Short descriptive text snippets
++++++++++

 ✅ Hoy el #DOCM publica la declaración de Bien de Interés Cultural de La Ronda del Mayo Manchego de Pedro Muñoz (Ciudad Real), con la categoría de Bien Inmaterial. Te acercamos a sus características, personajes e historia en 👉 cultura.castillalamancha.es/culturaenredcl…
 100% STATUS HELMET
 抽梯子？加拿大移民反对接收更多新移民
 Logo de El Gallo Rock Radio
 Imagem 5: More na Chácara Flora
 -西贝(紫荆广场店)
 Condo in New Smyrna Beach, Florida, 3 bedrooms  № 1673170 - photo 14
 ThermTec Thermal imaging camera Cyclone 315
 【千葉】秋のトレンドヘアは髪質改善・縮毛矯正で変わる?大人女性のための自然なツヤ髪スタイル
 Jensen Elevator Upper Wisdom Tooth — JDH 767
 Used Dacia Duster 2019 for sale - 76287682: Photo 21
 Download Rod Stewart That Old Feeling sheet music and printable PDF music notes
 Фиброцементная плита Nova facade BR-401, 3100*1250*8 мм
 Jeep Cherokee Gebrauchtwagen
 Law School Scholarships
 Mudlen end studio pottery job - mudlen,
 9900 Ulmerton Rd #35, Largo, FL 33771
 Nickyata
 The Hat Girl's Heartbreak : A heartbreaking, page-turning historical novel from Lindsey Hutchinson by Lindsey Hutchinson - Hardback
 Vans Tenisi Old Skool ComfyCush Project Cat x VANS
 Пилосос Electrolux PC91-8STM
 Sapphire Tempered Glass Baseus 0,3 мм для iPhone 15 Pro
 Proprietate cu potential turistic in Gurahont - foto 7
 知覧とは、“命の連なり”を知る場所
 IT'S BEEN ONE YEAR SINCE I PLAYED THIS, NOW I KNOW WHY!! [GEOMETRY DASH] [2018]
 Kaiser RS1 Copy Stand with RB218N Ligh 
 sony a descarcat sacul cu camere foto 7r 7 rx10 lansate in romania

++++++++++

# EXERCISE INSTRUCTIONS
Every record, start to finish: reproduce it word for word.

# YOUR SOLUTION
 ✅ Hoy el #DOCM publica la declaración de Bien de Interés Cultural de La Ronda del Mayo Manchego de Pedro Muñoz (Ciudad Real), con la categoría de Bien Inmaterial. Te acercamos a sus características, personajes e historia en 👉 cultura.castillalamancha.es/culturaenredcl…
 100% STATUS HELMET
 抽梯子？加拿大移民反对接收更多新移民
 Logo de El Gallo Rock Radio
 Imagem 5: More na Chácara Flora
 -西贝(紫荆广场店)
 Condo in New Smyrna Beach, Florida, 3 bedrooms  № 1673170 - photo 14
 ThermTec Thermal imaging camera Cyclone 315
 【千葉】秋のトレンドヘアは髪質改善・縮毛矯正で変わる?大人女性のための自然なツヤ髪スタイル
 Jensen Elevator Upper Wisdom Tooth — JDH 767
 Used Dacia Duster 2019 for sale - 76287682: Photo 21
 Download Rod Stewart That Old Feeling sheet music and printable PDF music notes
 Фиброцементная плита Nova facade BR-401, 3100*1250*8 мм
 Jeep Cherokee Gebrauchtwagen
 Law School Scholarships
 Mudlen end studio pottery job - mudlen,
 9900 Ulmerton Rd #35, Largo, FL 33771
 Nickyata
 The Hat Girl's Heartbreak : A heartbreaking, page-turning historical novel from Lindsey Hutchinson by Lindsey Hutchinson - Hardback
 Vans Tenisi Old Skool ComfyCush Project Cat x VANS
 Пилосос Electrolux PC91-8STM
 Sapphire Tempered Glass Baseus 0,3 мм для iPhone 15 Pro
 Proprietate cu potential turistic in Gurahont - foto 7
 知覧とは、“命の連なり”を知る場所
 IT'S BEEN ONE YEAR SINCE I PLAYED THIS, NOW I KNOW WHY!! [GEOMETRY DASH] [2018]
 Kaiser RS1 Copy Stand with RB218N Ligh 
 sony a descarcat sacul cu camere foto 7r 7 rx10 lansate in romania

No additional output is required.